GIVEN INFORMATION ▸

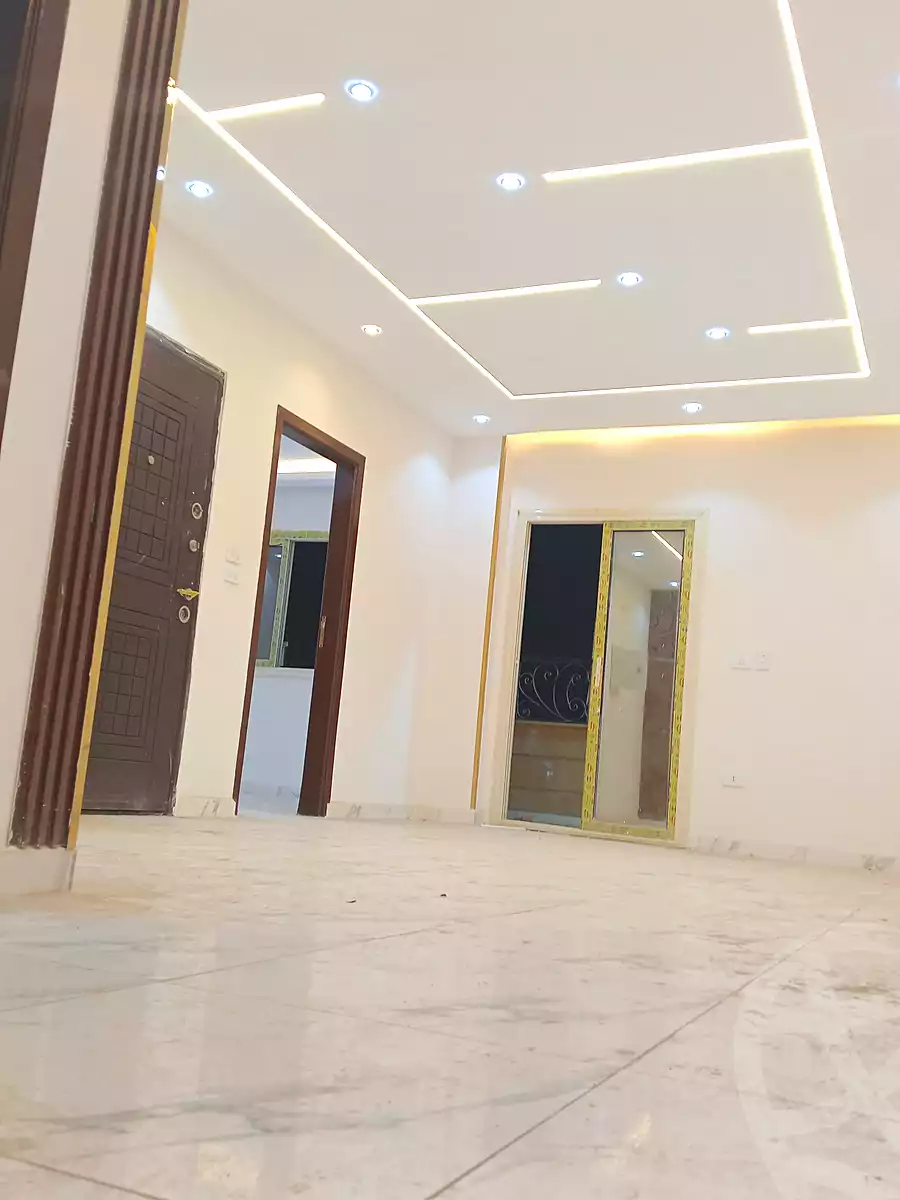 https://aqarmap.com.eg/ar/listing/6685779-for-sale-cairo-6th-of-october-el-ahyaa-neighborhood-3rd-al-hay-al-thalith-st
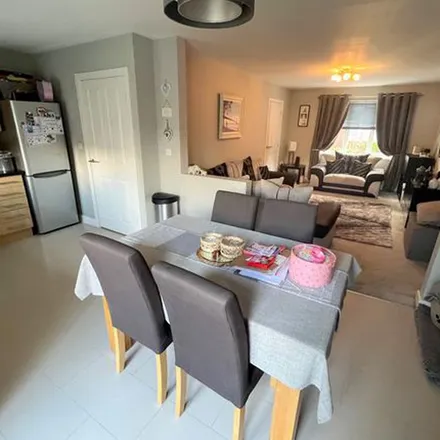 Rent this 3 bed townhouse on 54 St Giles' Avenue in Grimsby, DN33 2HD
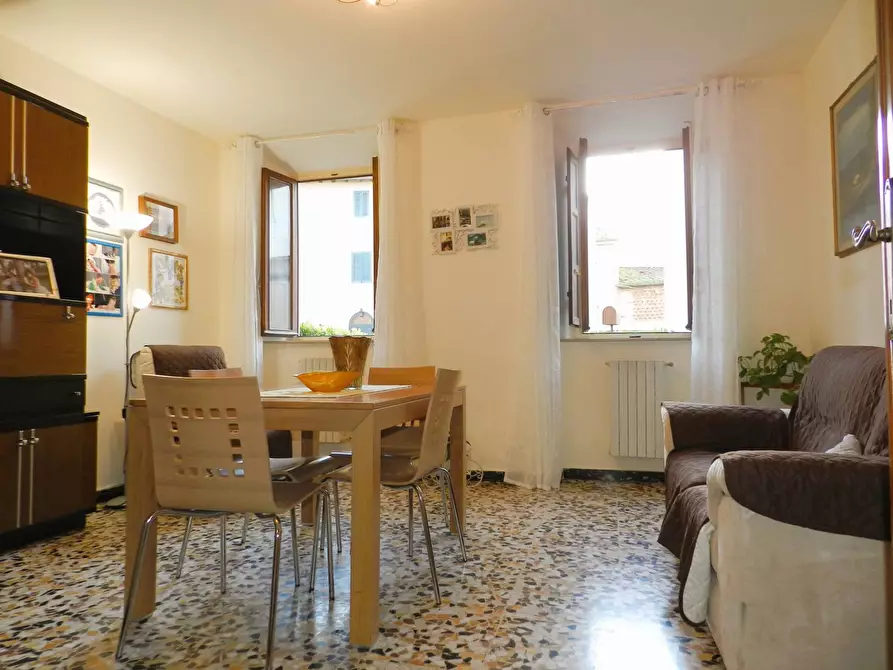 Immagine 10 di Rustico / casale in vendita  a Lucca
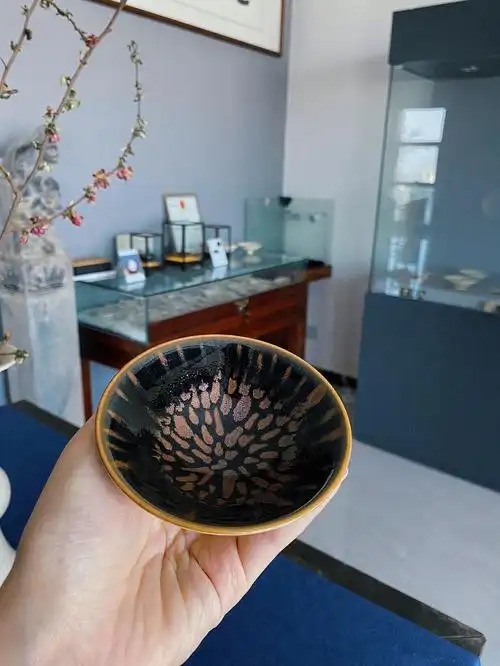 想你和分享一只如星空般绚烂的茶盏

WHAT NEEDS TO BE DONE ▸ Please transcribe the listing above verbatim and exclude every picture.

EXERCISE OUTPUT ▸
 https://aqarmap.com.eg/ar/listing/6685779-for-sale-cairo-6th-of-october-el-ahyaa-neighborhood-3rd-al-hay-al-thalith-st
 Rent this 3 bed townhouse on 54 St Giles' Avenue in Grimsby, DN33 2HD
 Immagine 10 di Rustico / casale in vendita  a Lucca
 想你和分享一只如星空般绚烂的茶盏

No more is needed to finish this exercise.